- [Exercise input]:
^^^^^^^^
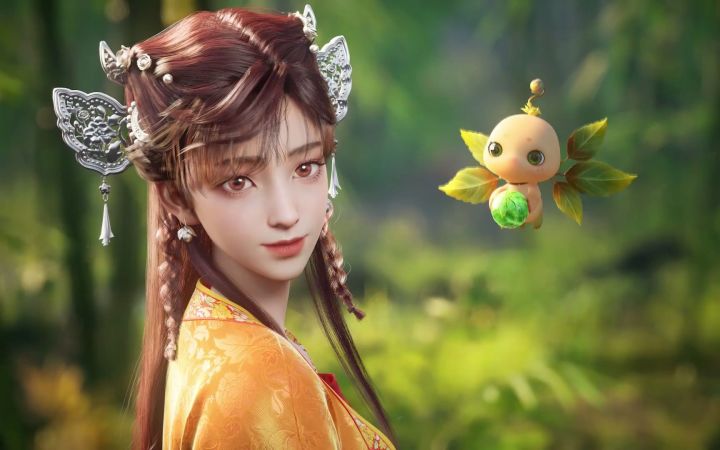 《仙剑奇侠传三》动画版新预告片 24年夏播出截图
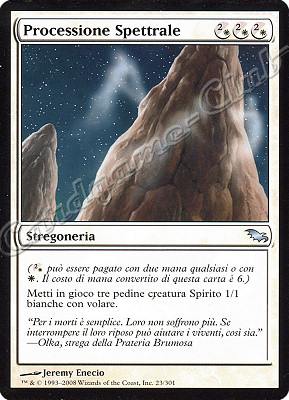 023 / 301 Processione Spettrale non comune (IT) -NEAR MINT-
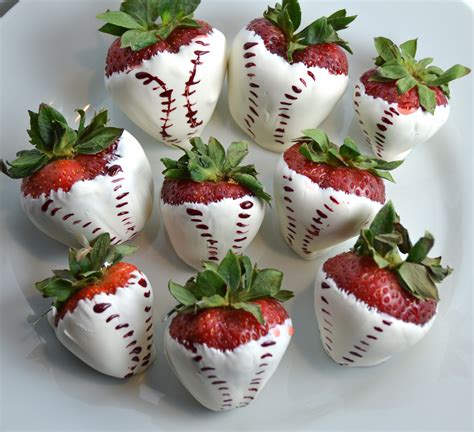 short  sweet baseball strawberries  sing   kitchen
^^^^^^^^
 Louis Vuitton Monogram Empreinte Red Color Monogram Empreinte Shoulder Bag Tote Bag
^^^^^^^^
- [Work instruction]:
Skip every picture, and restate word for word only the lines above from the line containing "023 / 301 Processione" to the line containing "sweet baseball strawberries", both of them included.

- [Exercise solution]:
 023 / 301 Processione Spettrale non comune (IT) -NEAR MINT-
 short  sweet baseball strawberries  sing   kitchen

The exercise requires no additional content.